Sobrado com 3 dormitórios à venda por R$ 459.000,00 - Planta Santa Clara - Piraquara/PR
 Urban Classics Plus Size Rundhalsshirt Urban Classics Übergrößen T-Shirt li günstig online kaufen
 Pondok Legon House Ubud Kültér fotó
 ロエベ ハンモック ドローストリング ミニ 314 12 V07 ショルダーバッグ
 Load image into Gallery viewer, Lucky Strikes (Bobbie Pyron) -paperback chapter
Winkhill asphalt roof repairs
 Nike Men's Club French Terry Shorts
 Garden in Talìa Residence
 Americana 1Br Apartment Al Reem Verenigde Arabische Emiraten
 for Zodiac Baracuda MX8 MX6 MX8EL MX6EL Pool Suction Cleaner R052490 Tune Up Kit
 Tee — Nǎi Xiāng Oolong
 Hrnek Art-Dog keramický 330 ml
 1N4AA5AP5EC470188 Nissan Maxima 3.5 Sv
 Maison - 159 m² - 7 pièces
§
WHAT THE TASK ASKS — Every entry must come back exactly as written above.

RESPONSE AREA —
Sobrado com 3 dormitórios à venda por R$ 459.000,00 - Planta Santa Clara - Piraquara/PR
 Urban Classics Plus Size Rundhalsshirt Urban Classics Übergrößen T-Shirt li günstig online kaufen
 Pondok Legon House Ubud Kültér fotó
 ロエベ ハンモック ドローストリング ミニ 314 12 V07 ショルダーバッグ
 Load image into Gallery viewer, Lucky Strikes (Bobbie Pyron) -paperback chapter
Winkhill asphalt roof repairs
 Nike Men's Club French Terry Shorts
 Garden in Talìa Residence
 Americana 1Br Apartment Al Reem Verenigde Arabische Emiraten
 for Zodiac Baracuda MX8 MX6 MX8EL MX6EL Pool Suction Cleaner R052490 Tune Up Kit
 Tee — Nǎi Xiāng Oolong
 Hrnek Art-Dog keramický 330 ml
 1N4AA5AP5EC470188 Nissan Maxima 3.5 Sv
 Maison - 159 m² - 7 pièces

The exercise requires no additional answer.